Abby WILL do this though. I know she knows how to fall asleep on her own, I watch it nearly every night in our bed. She’s a smart girl. And she knows we are here. So, please, if you have any extra good juju to pass our way, PLEASE FOR THE LOVE OF GOD pass it our way. It’s going to be a long weekend.

I’ll report as I can after Friday night, aka DOOMSDAY FOR ABBERS.

BRAT.

Posted 24 Jan 2011 — by Mrs. Jenna
Category not so much

I was planning on coming back from vacay and writing an epic recap post, along with something about our pending plans to get this little kid on the sleep training…uh…train, when something else happened.

I thought I was going to die. In fact, I occasionally still do.

I woke up Sunday morning with what felt like the worst acid reflux/heartburn ever. Then I got the business. I wrote it off to late-night orange consumption and took a Pepto. The pain kept getting worse. I popped some Prevacid. Nothing. Then the pain got to the point where I couldn’t take it anymore. I thought I had a bleeding ulcer, or that my gallbladder had finally had enough and was trying to explode out of my abdomen. The hubs stayed home with Abbers while his mom & I went to the ER.

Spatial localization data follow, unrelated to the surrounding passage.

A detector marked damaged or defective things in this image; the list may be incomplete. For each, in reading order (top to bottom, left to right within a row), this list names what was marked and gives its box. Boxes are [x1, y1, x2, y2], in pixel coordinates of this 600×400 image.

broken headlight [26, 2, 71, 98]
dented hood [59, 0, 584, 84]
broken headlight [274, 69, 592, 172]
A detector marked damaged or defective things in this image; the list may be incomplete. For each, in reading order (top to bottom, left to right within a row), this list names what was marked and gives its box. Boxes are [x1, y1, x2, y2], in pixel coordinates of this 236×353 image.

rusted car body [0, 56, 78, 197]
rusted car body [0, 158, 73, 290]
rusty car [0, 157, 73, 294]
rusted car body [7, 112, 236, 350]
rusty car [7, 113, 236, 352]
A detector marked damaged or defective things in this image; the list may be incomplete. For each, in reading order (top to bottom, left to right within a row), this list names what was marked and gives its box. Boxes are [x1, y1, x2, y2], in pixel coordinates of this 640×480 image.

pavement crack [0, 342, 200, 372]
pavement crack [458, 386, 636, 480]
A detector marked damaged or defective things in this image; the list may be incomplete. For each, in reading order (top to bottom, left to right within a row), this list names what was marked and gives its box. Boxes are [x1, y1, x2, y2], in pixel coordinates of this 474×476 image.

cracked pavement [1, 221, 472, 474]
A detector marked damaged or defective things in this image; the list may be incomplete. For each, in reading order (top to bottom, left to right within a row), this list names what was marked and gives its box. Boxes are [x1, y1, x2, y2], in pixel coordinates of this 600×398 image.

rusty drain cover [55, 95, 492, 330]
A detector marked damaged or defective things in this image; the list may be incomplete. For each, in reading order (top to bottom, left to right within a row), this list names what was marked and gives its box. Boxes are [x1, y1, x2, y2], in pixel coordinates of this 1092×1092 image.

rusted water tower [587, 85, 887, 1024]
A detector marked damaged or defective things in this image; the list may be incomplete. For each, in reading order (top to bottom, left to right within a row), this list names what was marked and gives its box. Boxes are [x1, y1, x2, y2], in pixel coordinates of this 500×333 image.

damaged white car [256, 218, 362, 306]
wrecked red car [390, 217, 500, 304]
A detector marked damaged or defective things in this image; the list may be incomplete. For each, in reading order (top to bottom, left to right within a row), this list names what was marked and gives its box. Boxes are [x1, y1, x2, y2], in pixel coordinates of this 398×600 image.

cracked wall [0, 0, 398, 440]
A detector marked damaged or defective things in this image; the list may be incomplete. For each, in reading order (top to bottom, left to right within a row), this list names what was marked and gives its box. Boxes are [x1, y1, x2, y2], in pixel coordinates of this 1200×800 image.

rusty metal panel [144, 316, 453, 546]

The doc gave me a Maalox & numbing-something concoction to rule out stomach issues. It didn’t help. He probed my tummy and I nearly went through the roof when he touched my right side. He started mumbling about my appendix or my gallbladder and I started panicking. I ended up getting a CAT scan and he determined that my “ascending colon” (that’s in quotes because I don’t know what the hell that is) was thickened and enlarged, probably due to a case of….

TRAVELERS DIARRHEA.

Is that not the grosses thing you’ve ever heard? Worst part is, diarrhea (shudder) wasn’t my big issue. My issue was the horrendous pain I was in. I got a prescription for Cipro which he said only to use if the…ehem….business doesn’t get better. (It has.) The pain is still lingering, as is my new diet. The BRAT diet – bananas, rice, applesauce and toast.

I’m feeling better, for the most part. My most awesome brother-in-law came over today to lend a hand with Abbers while I rested. I’m eating my toast like a champ and the pain is about a quarter of what it was yesterday. I get little episodes where it hurts REALLY bad, but they’re getting fewer and fewer. I’m hoping that by tomorrow I’m back in the saddle again, to quote Aerosmith. (It only seemed totally out of context and thus, belonged in this post.)

So yeah. I totally just spent a whole post talking about poop and pain and whatever. Don’t hate me. It happens to everyone.